一.内嵌的 HIVE
如果使用 Spark 内嵌的 Hive, 则什么都不用做, 直接使用即可.
Hive 的元数据存储在 derby 中,默认仓库地址:$SPARK_HOME/spark-warehouse
(1)查表
scala> spark.sql("show tables").show
+--------+---------+-----------+
|database|tableName|isTemporary|
+--------+---------+-----------+
+--------+---------+-----------+
(2)使用临时的表
scala> val df=spark.read.json("file:///usr/hadoop/spark-2.1.1/bin/data/user.json")
df: org.apache.spark.sql.DataFrame = [age: bigint, username: string]
scala> df.create
createGlobalTempView createOrReplaceTempView createTempView
scala> df.createOrReplaceTempView("user")
scala> spark.sql("show tables").show
+--------+---------+-----------+
|database|tableName|isTemporary|
+--------+---------+-----------+
| | user| true|
+--------+---------+-----------+
(2)自己建表
scala> spark.sql("create table user(id int)")
(3)向表加载本地数据
在spark安装目录data下创建user.txt.输入如下:1 2 3 4
scala> spark.sql("load data local inpath '/usr/hadoop/spark-2.1.1/data/user.txt' into table user")

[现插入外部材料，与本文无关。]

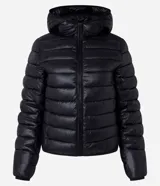 Campera puffer deportiva de mujer, confeccionada en tejido tecnológico ligero con relleno acolchado. Presenta capucha integrada, cierre frontal con cremallera y diseño de manga larga. La prenda destaca por su versatilidad, siendo capaz de transformarse en una pequeña cartera.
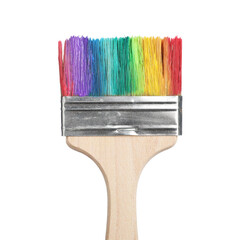 Brush with colorful paints isolated on white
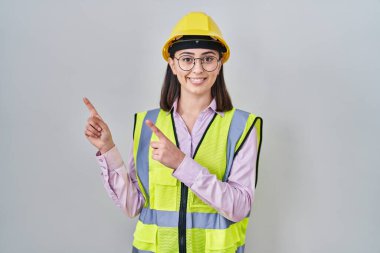 Hispanic girl wearing builder uniform and hardhat smiling and looking at the camera pointing with two hands and fingers to the side. 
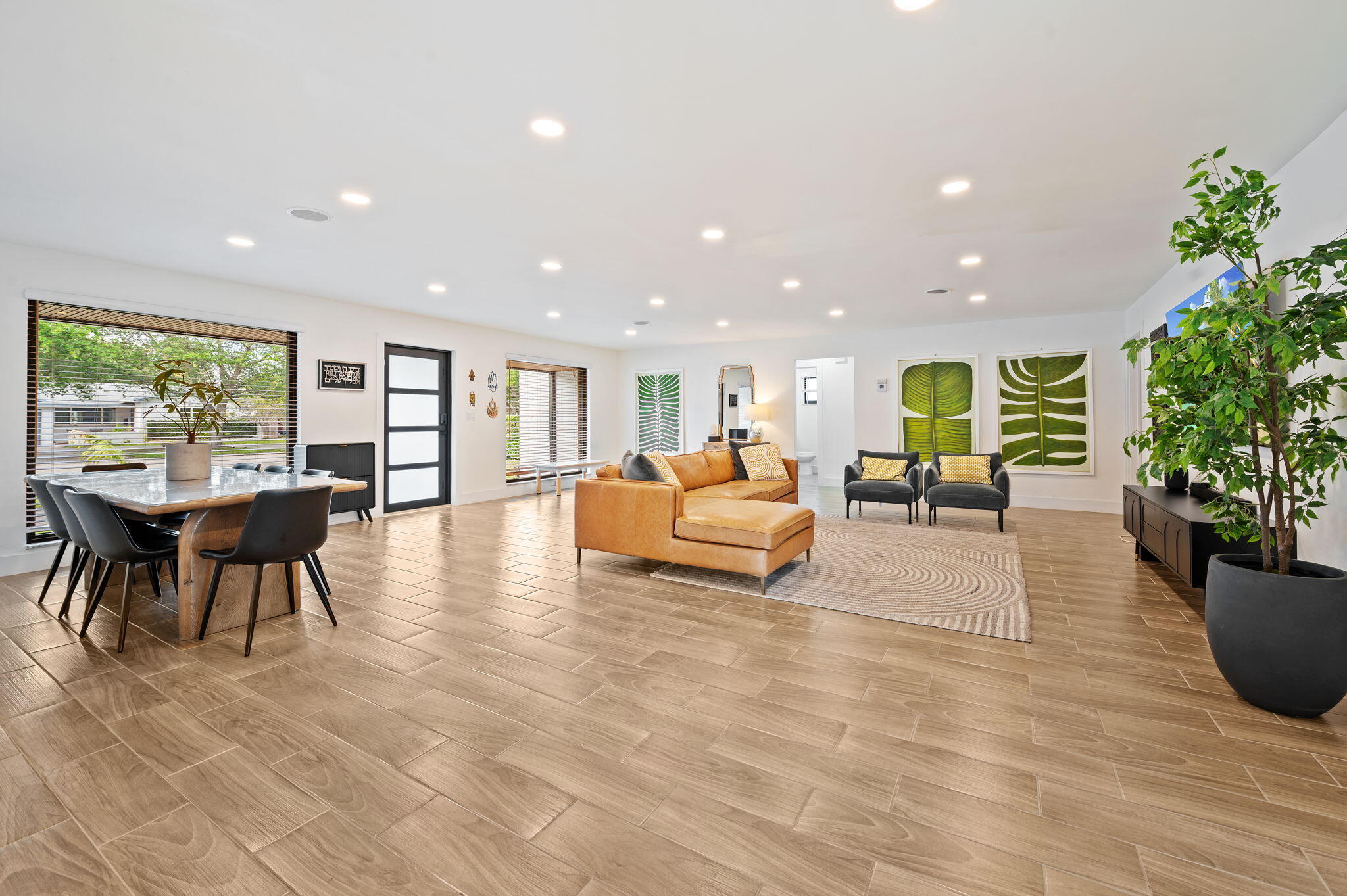 5420 Johnson Street Hollywood, FL 33021 - Photo 5 of 26 a living room with furniture and a potted plant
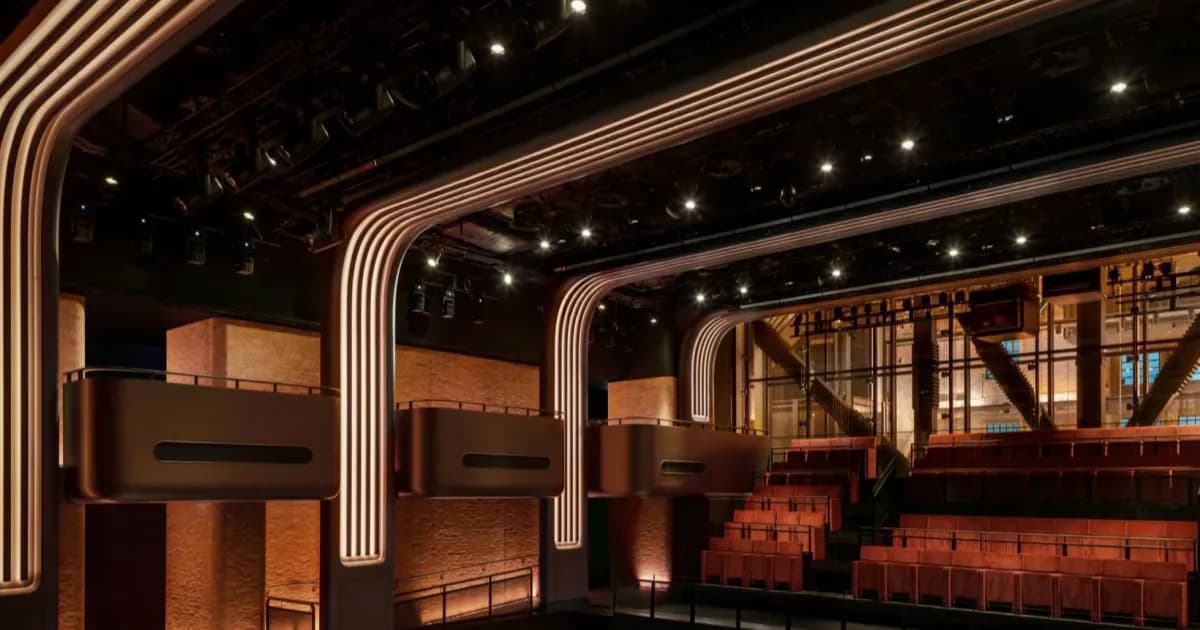 A glimpse at the Apple Music Hall, showing its chairs and boxes.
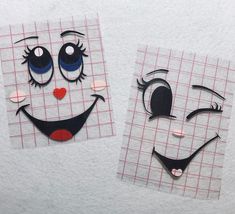 two pieces of paper that have been cut out to look like clowns with eyes and noses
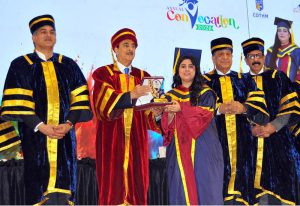 Chairman Senate of Pakistan Syed Yousaf Raza Gillani awards a distinction-holding graduate during the Annual Convocation 2026 of the College of Tourism and Hotel Management (COTHM) at a local hall.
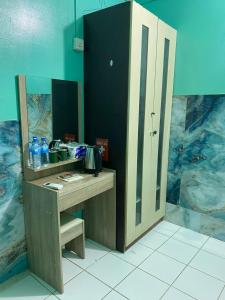 a desk with a mirror in a room at Wind Stay in Male City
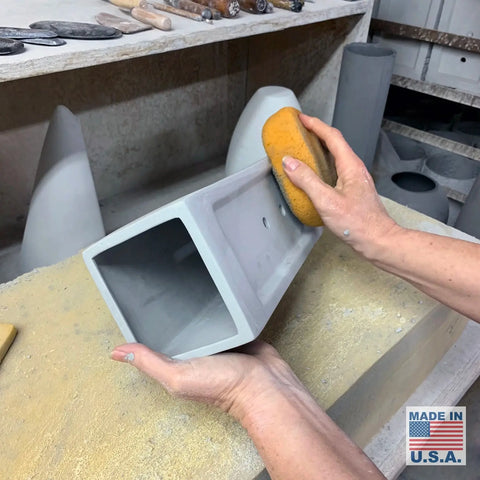 In a workshop, someone uses a yellow sponge to smooth a gray ceramic piece for the Modern USA-Made Flores Sconce, handcrafted in California by A19 Artisan Lighting. Tools are on the workbench and a MADE IN U.S.A. label appears in the corner.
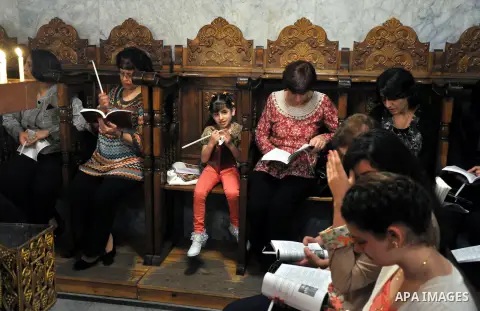 Palestinian Orthodox Christians celebrate Holy Fire ceremony at the Saint Porfirios church in Gaza City early Gaza City on April 20, 2014. Photo by Mohammed Talatene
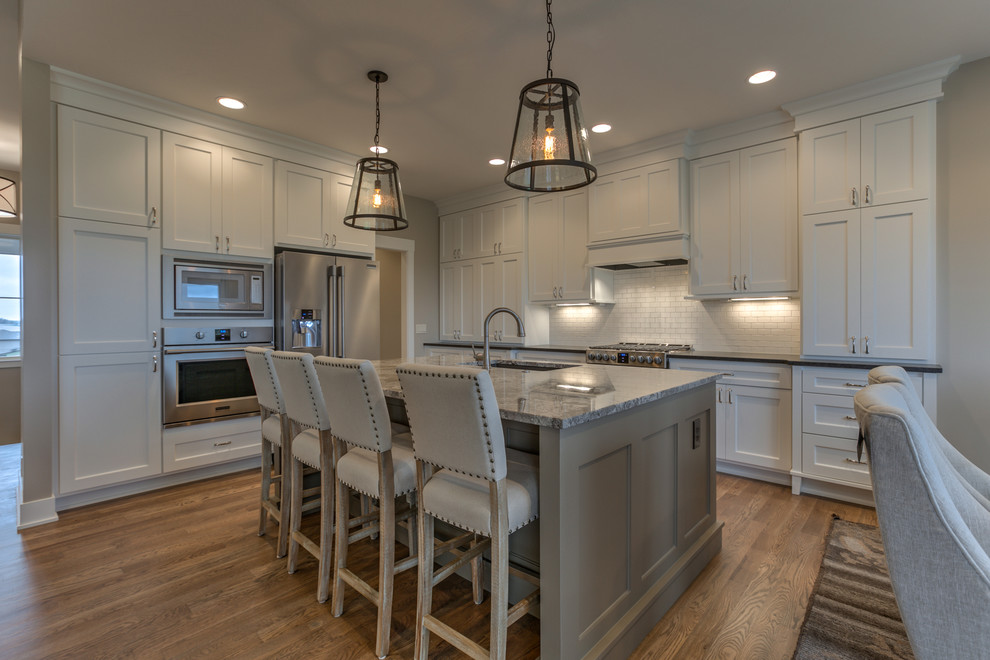 Eat-in kitchen - mid-sized transitional l-shaped medium tone wood floor and beige floor eat-in kitchen idea in Omaha with an undermount sink, recessed-panel cabinets, white cabinets, granite countertops, white backsplash, subway tile backsplash, stainless steel appliances and an island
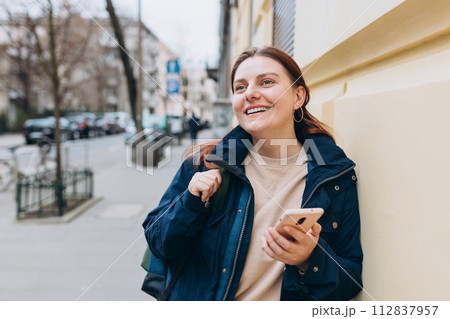 Happy cheerful young woman with backpack walking on city street checks her smartphone. Portrait of beautiful 30s girl using smartphone outdoors. Urban lifestyle concept. Happy cheerful young woman with backpack walking on city street checks her smartphone. Portrait of beautiful 30s girl using smartphone outdoors. Urban lifestyle concept. 112837957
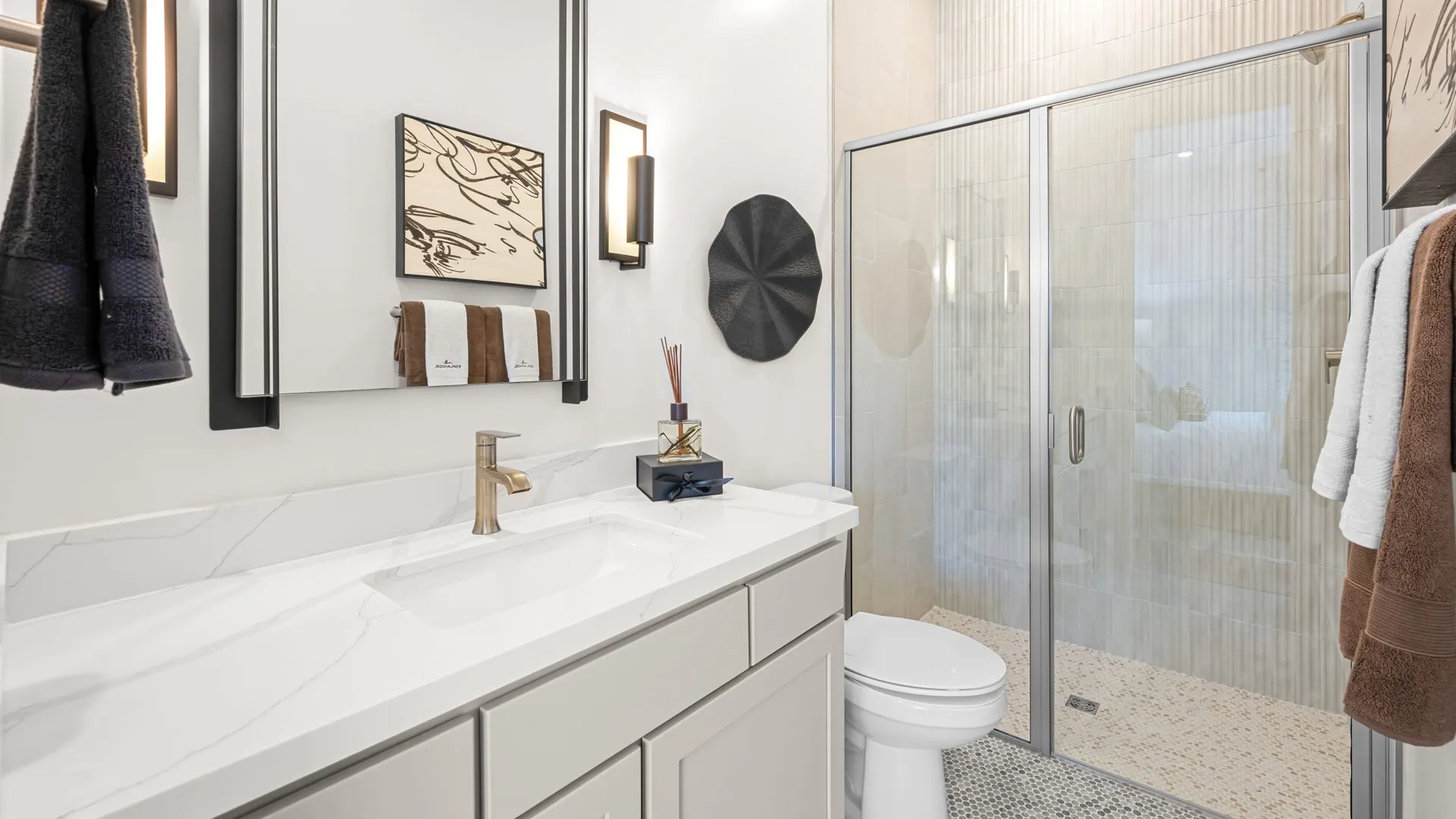 Bathroom of Paloma Model at Esplanade at Red Rock by Taylor Morrison Modern bathroom with white vanity, brass faucet, wall art, towels, and glass-enclosed shower. Neutral tones and minimalist decor create a clean, elegant look.
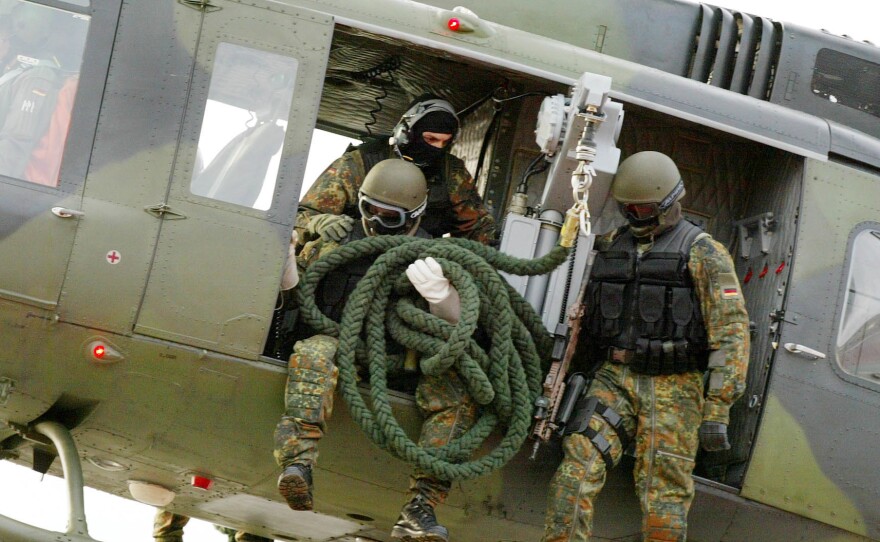Soldiers of the Command Special Forces (KSK) of the Bundeswehr are preparing to rappel from a helicopter during an exercise in 2004.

21/02/03 11:21:58 ERROR hdfs.KeyProviderCache: Could not find uri with key [dfs.encryption.key.provider.uri] to create a keyProvider !!
res3: org.apache.spark.sql.DataFrame = []
scala> spark.sql("select * from user").show
+---+
| id|
+---+
| 1|
| 2|
| 3|
| 4|
+---+
scala> spark.sql("show tables").show
+--------+---------+-----------+
|database|tableName|isTemporary|
+--------+---------+-----------+
| default| user| false|
| | user| true|
+--------+---------+-----------+
二.外部的 HIVE
如果想连接外部已经部署好的 Hive,需要通过以下几个步骤:
➢ Spark 要接管 Hive 需要把 hive-site.xml 拷贝到 conf/目录下
➢ 把 Mysql的驱动(mysql-connector-java-xxxx-bin.jar) copy 到 Spark的jars/目录下。(如果自己之前装过mysql和hive,这个驱动可以在hive的安装目录下lib中找到)
➢ 如果访问不到 hdfs,则需要把 core-site.xml 和 hdfs-site.xml 拷贝到 conf/目录下
➢ 重启 spark-shell
1.启动错误
我自己在启动时第一次是失败了的,没有加载到hive。启动的过程和之前启动spark-shell信息一样,我注意到如下警告
Setting default log level to "WARN".
To adjust logging level use sc.setLogLevel(newLevel). For SparkR, use setLogLevel(newLevel).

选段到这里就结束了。